Naked Heat

The elevator showed five floors in the town house, and they got off at the third. They were greeted with a new-carpet smell as they stepped into a circular room with halls branching off in three directions. From what Heat could tell, two of them led to what were most likely bedrooms, toward the rear of the rectangular property. Mills hooked his multimillion-dollar arm to indicate they should follow him to the near doorway, which put them in a sunny room giving out onto the street below. “Guess you could call this my man cave.”

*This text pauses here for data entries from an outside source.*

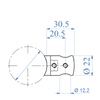 Inox® Round Bar Holder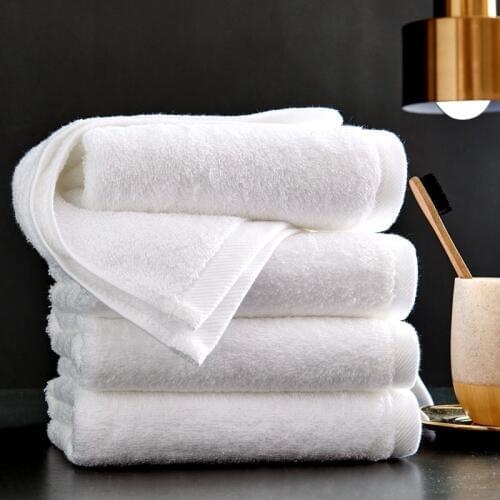 Pure White Star Hotel Cotton Towel Soft Comfortable Hand Cotton Face Towel Bar Spa Supply Wholesale Hotel Quality Cloth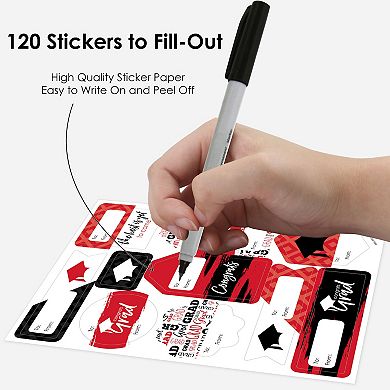 Big Dot Of Happiness Red Grad Best Is Yet To Come To & From Stickers 12 Sheets 120 Stickers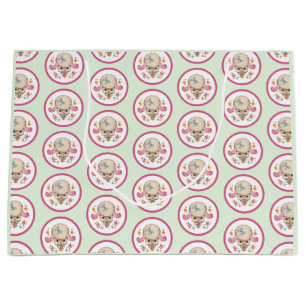 Grand Sac Cadeau Little Lamb Retro Cute Pastel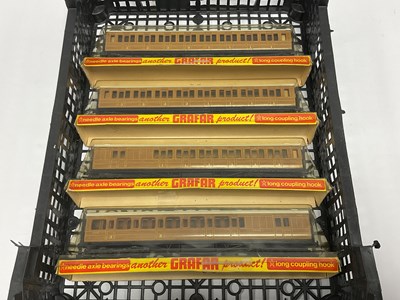 Lot 580 - Four Graham Farish OO gauge LNER teak coaches,...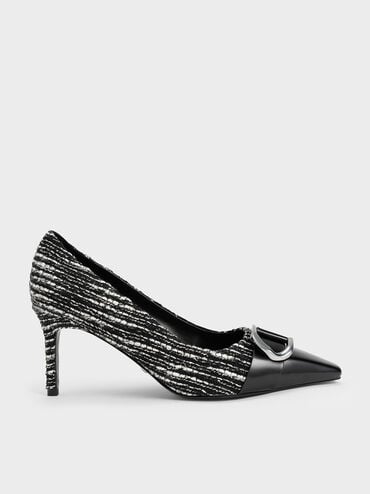 voucher code Off Gabine Tweed Toe-Cap Pumps  - Multi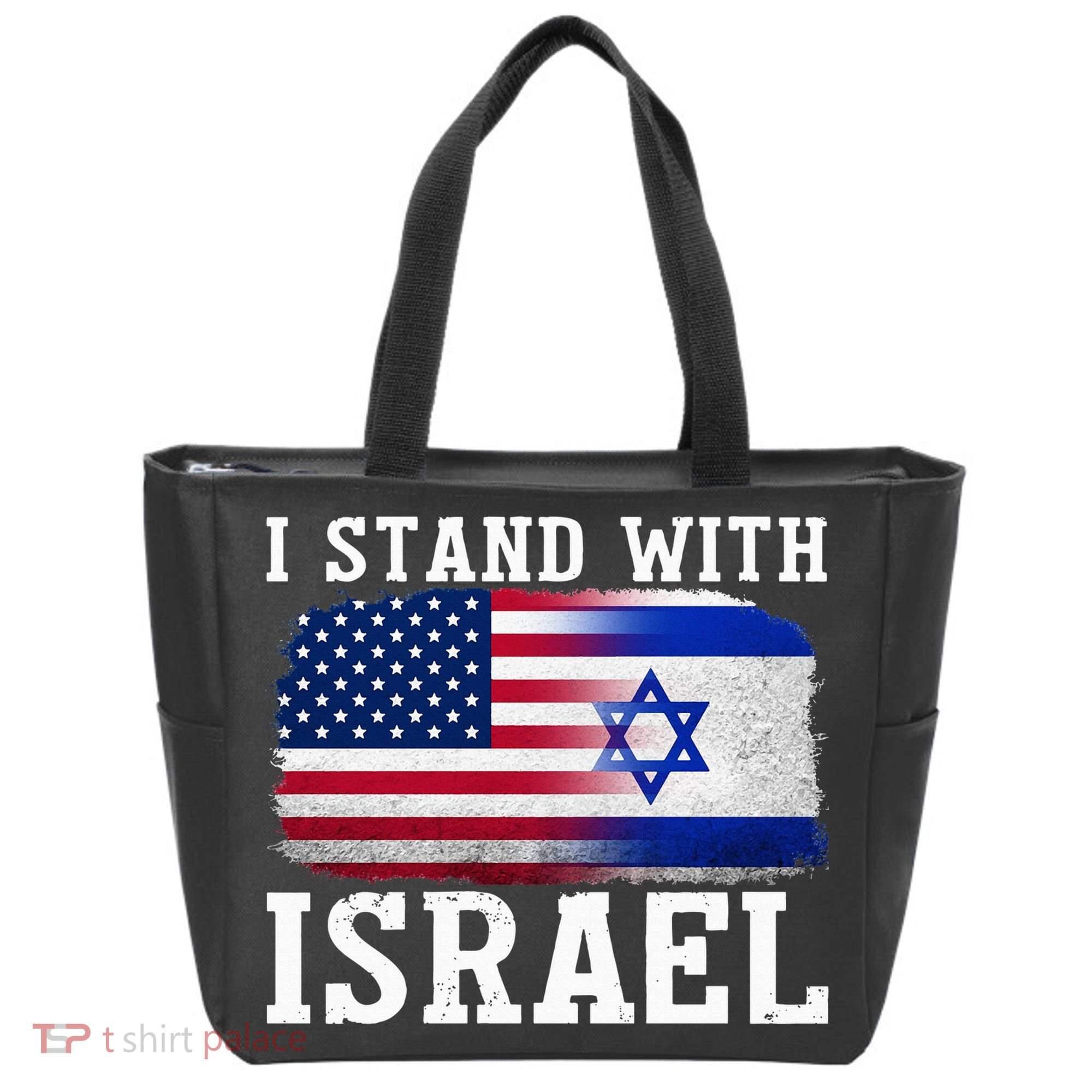 I Stand With Israel Strong Tote Bag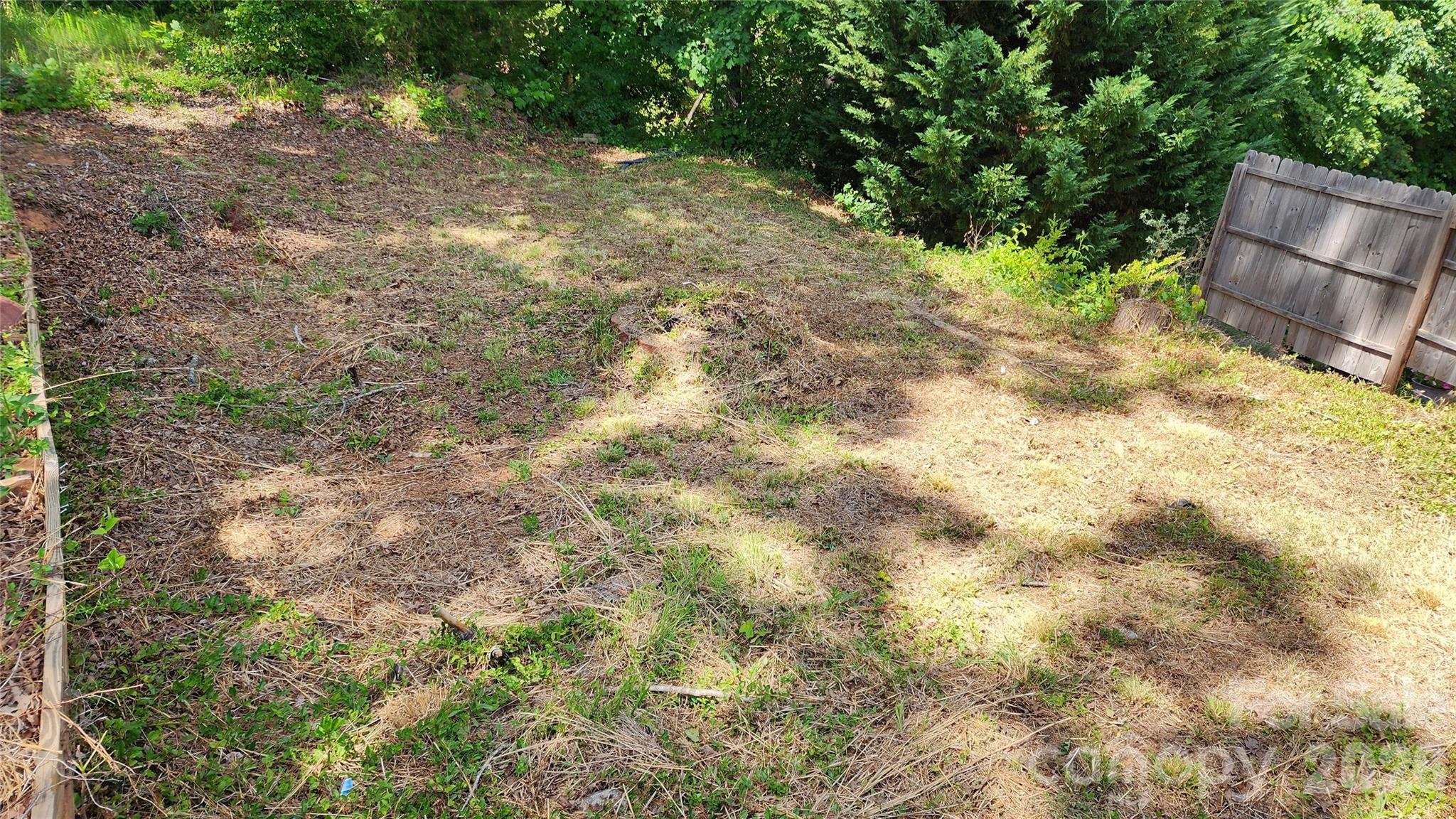 Right Side Yard - 200 Park Place, Morganton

The den was a sports trophy room, done with taste. Mounted baseball bats shared wall space with classic sports photos: Ted Williams watching one fly out of Fenway, Koufax in the 1963 Series, Lou Gehrig enjoying a Babe Ruth headlock. Atypically, it wasn’t a shrine to Toby. The only pictures of him were with other players, and none of the trophies were his, although he could have easily filled the room. Heat read this as where he came to escape the hype, not to bask in it.

Toby stepped behind a wet bar of blond wood with turf green inlay and asked if he could fix them something. “Now, all I’ve got is Colonel Fizz, but, truthfully, it’s not just because they sponsor, I like the stuff.” Heat could hear the Oklahoma in his voice and wondered what it was like to graduate high school in Broken Arrow and come to all this in fewer than ten years. “I assume you’re working; otherwise, I’d offer something more of a bump up.”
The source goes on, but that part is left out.